Excellent results were obtained by using original non linear isotherm models and one should leave the old-fashion linear methods now that one has rapid computers and that performing nonlinear recursion methods are on the market.
The experimental isotherm data were better described by the Brouers-Sotolongo model involving the biosorption of Pb(II) on a heterogeneous surface onto algal biomass particles.
This study shows that a complete set of data is necessary to have a good representation of the isotherm.
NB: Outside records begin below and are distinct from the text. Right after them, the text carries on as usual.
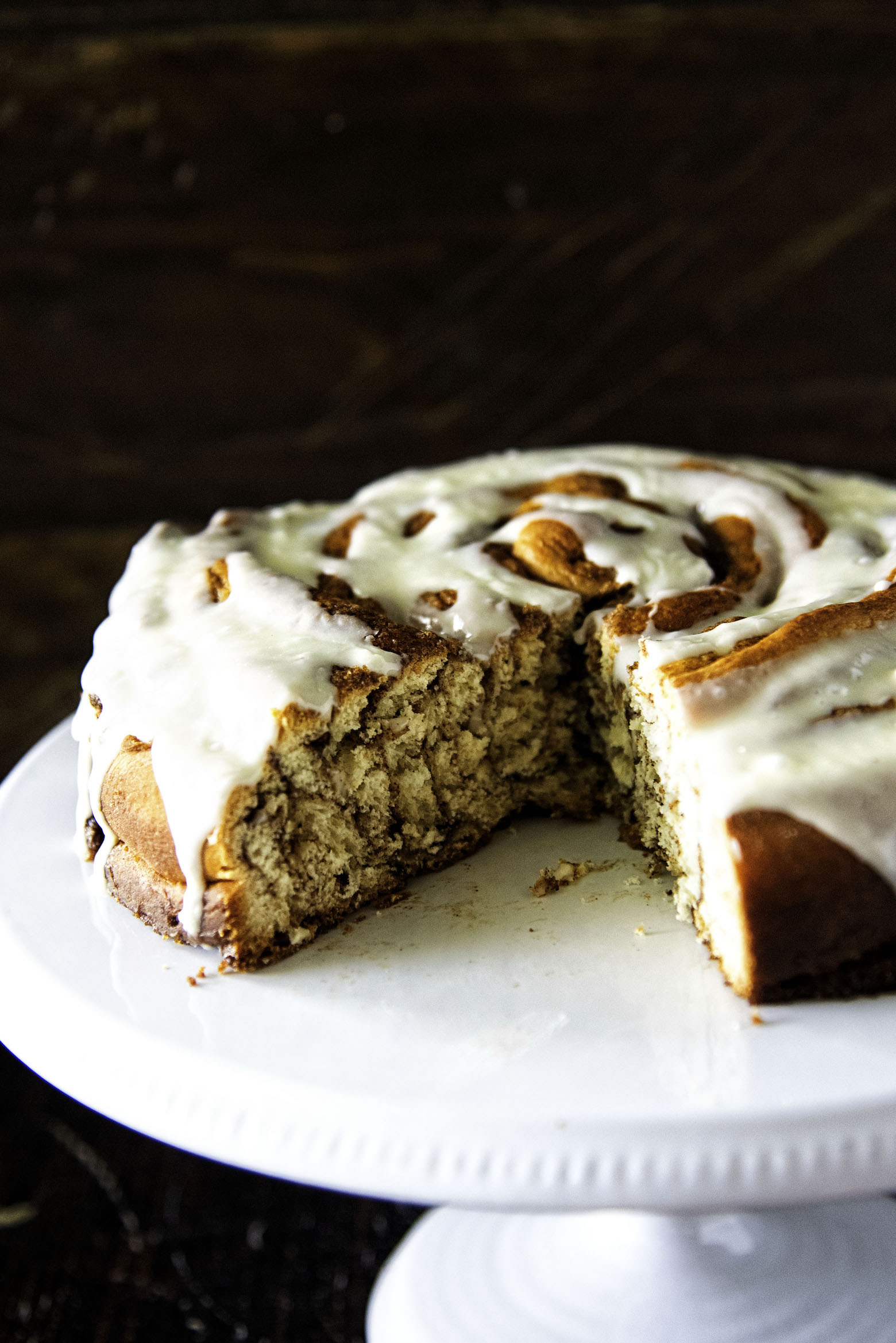 Giant Eggnog Cinnamon Roll Cake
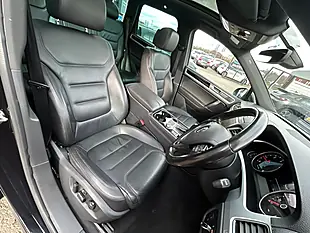 Used 2017 Volkswagen Touareg R-Line Plus Deep Black Metallic - Interior and Exterior details 11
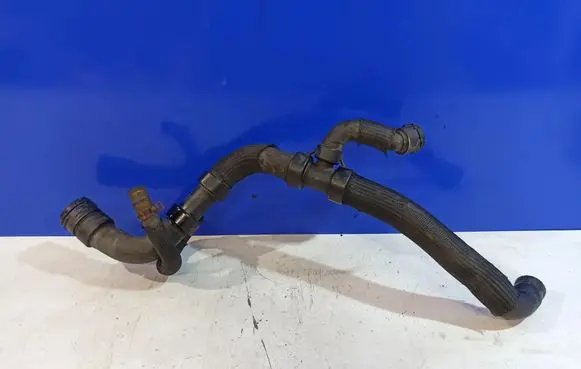 Volvo V60 Engine coolant pipe/hose 31355201 31338498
Using only coefficient of determination is not always an appropriate tool to compare the goodness of the non linear fit of an isotherm models.
Acknowledgments
We would like to express our sincere thanks and deep gratitude to Professor Sarra Gaspard (France) and Professor Mongi Seffen (Tunis) for their useful discussions on the use of the non-linear approach. Special thanks to the Environmental Engineering Department, University of Baghdad, Iraq for supporting this work.